Three people have died, 11 are missing and tens of thousands have been evacuated amid warnings of a “once a century” flooding in southern China.

Record-breaking rains causing rivers to swell by up to seven metres have submerged homes, shops and farmland in areas of Guangdong province, triggering fears on how the region will cope with future extreme weather events linked to climate change.

Scientists say such events have become more intense and unpredictable in China, hitting the world’s second-largest economy with heavy rains, droughts and severe heat that have inflicted a huge personal and economic toll on parts of the country.

The unusually heavy precipitation and storms in Guangdong arrived on Thursday, much earlier than the flood season in May and June. On Monday, the authorities raced to rescue villagers caught in landslides and to evacuate trapped residents, dispatching helicopters and carrying some elderly people by piggyback from their homes.

Resident with child wading through flood from heavy rains in Qingyuan city
Residents have been evacuated following heavy rains in Qingyuan city - STR/AFP
Qingyuan city streets are flooded after unusually heavy rains
Qingyuan city streets are flooded after unusually heavy rains - STRSTR/AFP

The weather crisis had prompted the relocation of close to 54,000 people, collapsed 36 houses and damaged dozens more, reported state media agency Xinhua. It said three people had died in Zhaoqing City after being trapped by the rainfall but did not provide further details.

Of those evacuated, more than 45,000 were from the northern city of Qingyuan, which straddles the banks of the Bei River, a tributary in the wider Pearl River Delta. The authorities said the river was expected to reach levels not seen in 50 years. Many other rivers remain at levels above safety thresholds.

The severity of the weather has prompted concerns about economic damage in Guangdong, a key manufacturing and commercial hub of more than 127 million people, although companies operating there say so far supply chains have been unaffected.

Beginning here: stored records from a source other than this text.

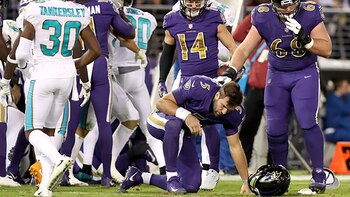 Rob Carr/Getty Images/AFP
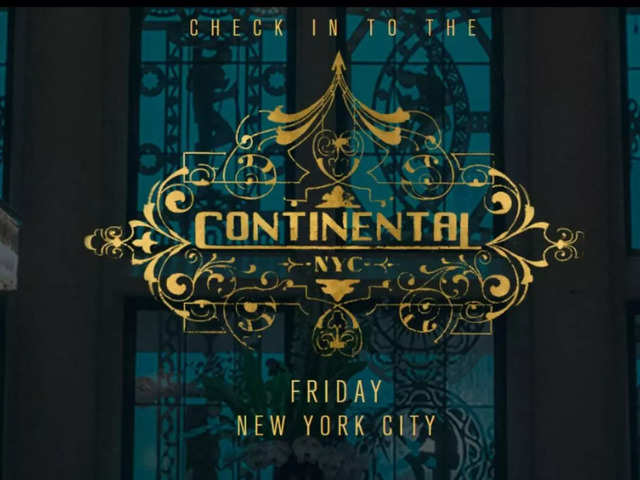 Where Is The Continental Filmed? The John Wick Hotel's Real-Life Location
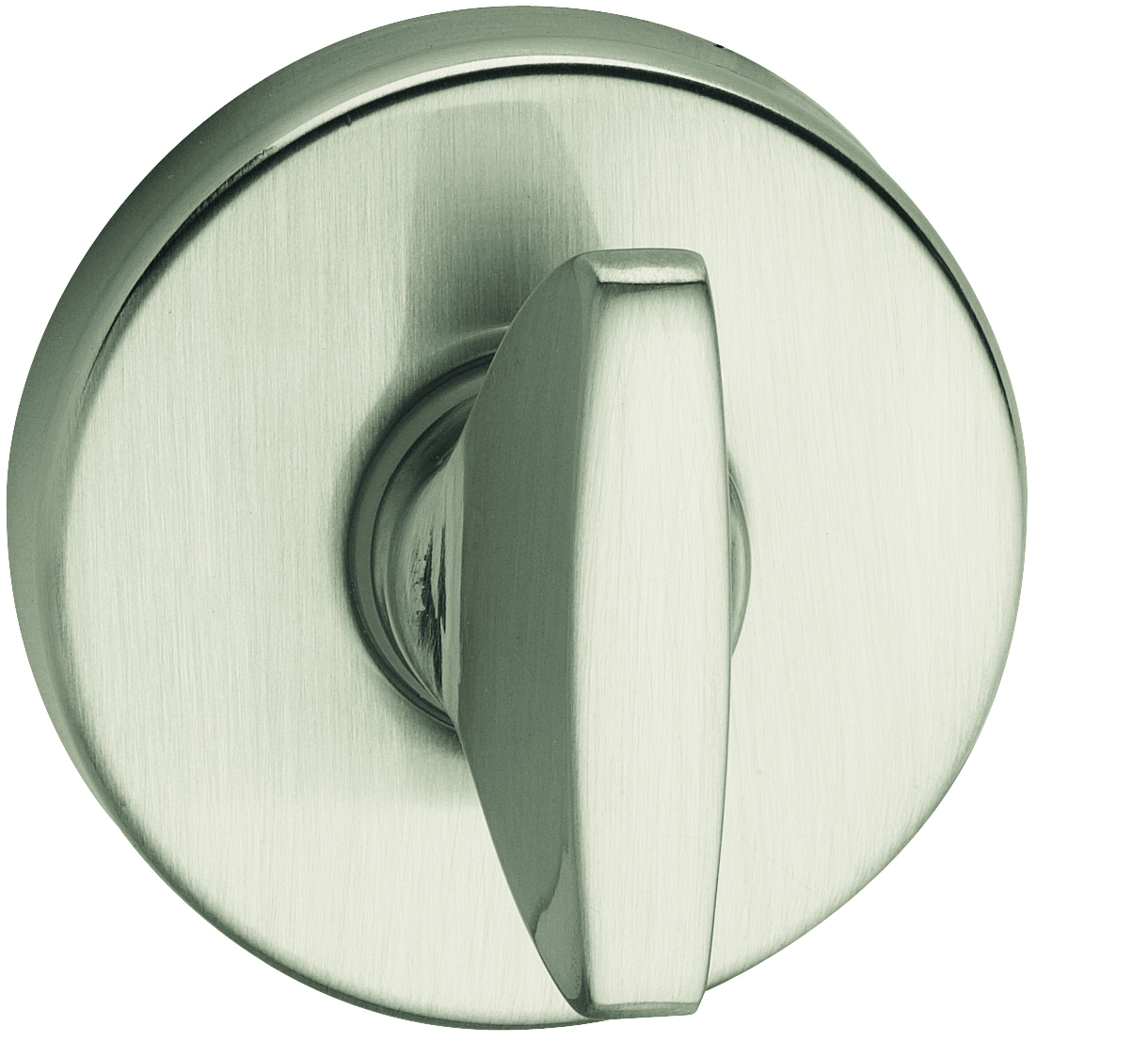 Tupai Rapido RetaLine/VersaLine WC Turn and Release *for use with ADBCE* on Long Rose - Satin Chrome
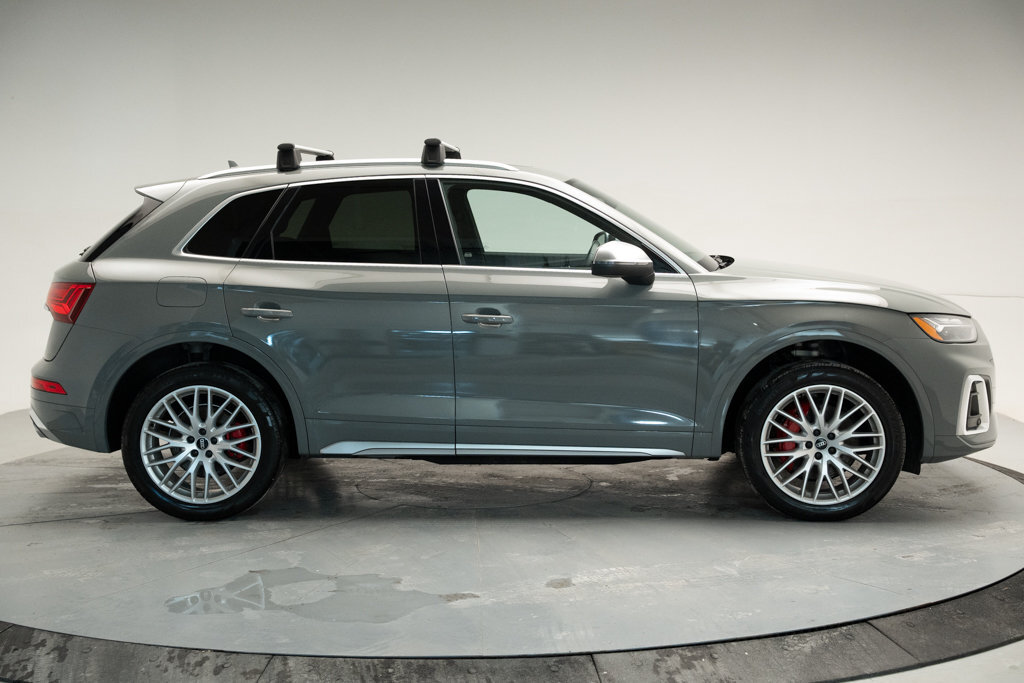 Audi SQ5 2021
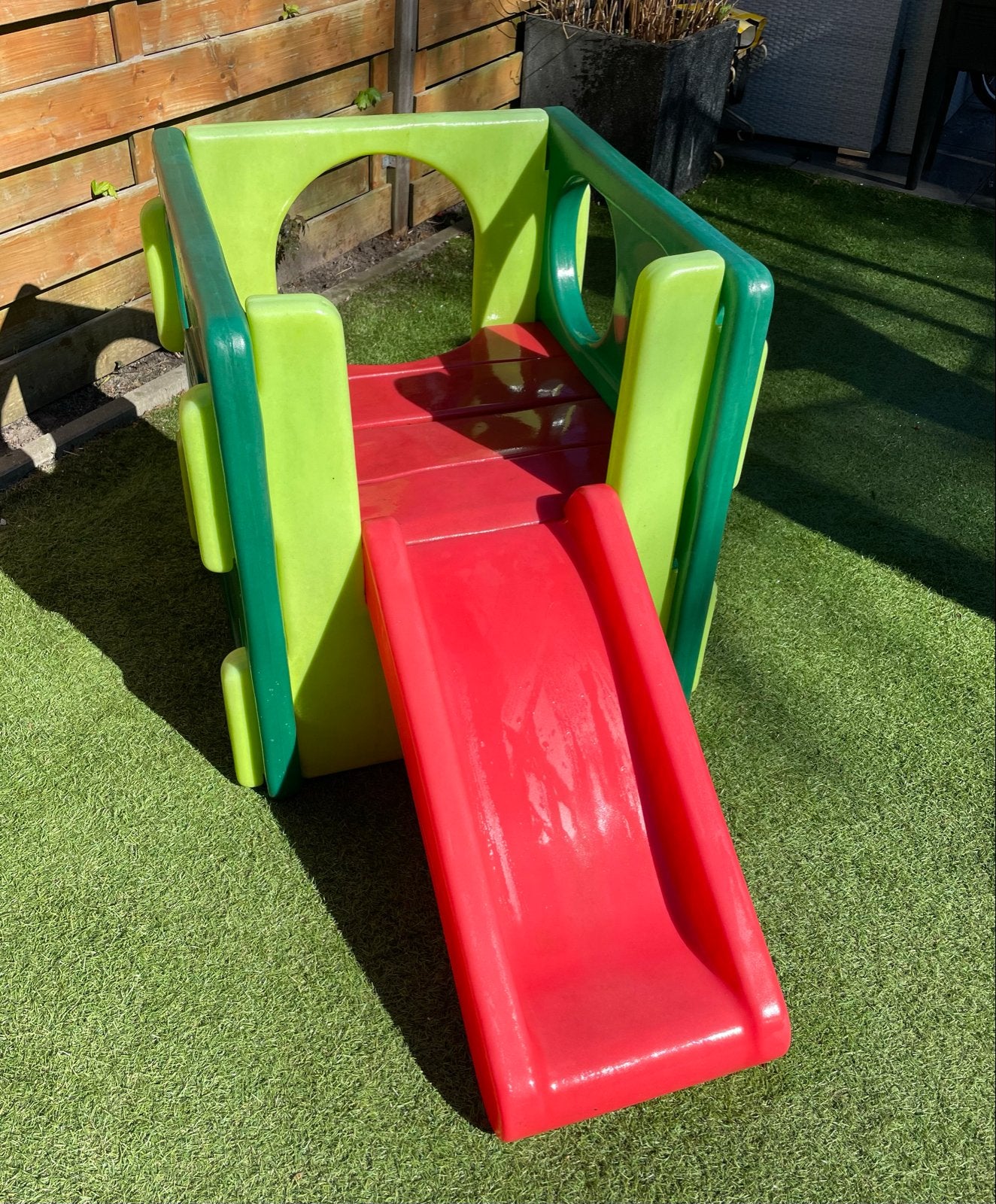 Little Tikes Activity Gym - Speeltoestel voor Peuters, Ophalen, Gebruikt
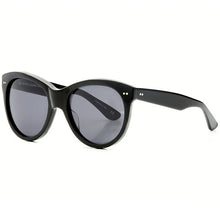 Load image into Gallery viewer, Oliver Goldsmith Sunglasses, Model: MANHATTAN1960 Colour: BLK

“We’re worried the floods could be worse than two years ago,” Song Xiaowei, an employee of a spare parts factory in the city of Qingyuan, told Reuters. Hundreds of thousands were impacted by disruptive floods after the province saw the heaviest rainfall in six decades in 2022. Mr Song said his factory was still operating but added that he had friends nearby who had already been forced to remove their furniture. “The village opposite has been submerged to the first floor.”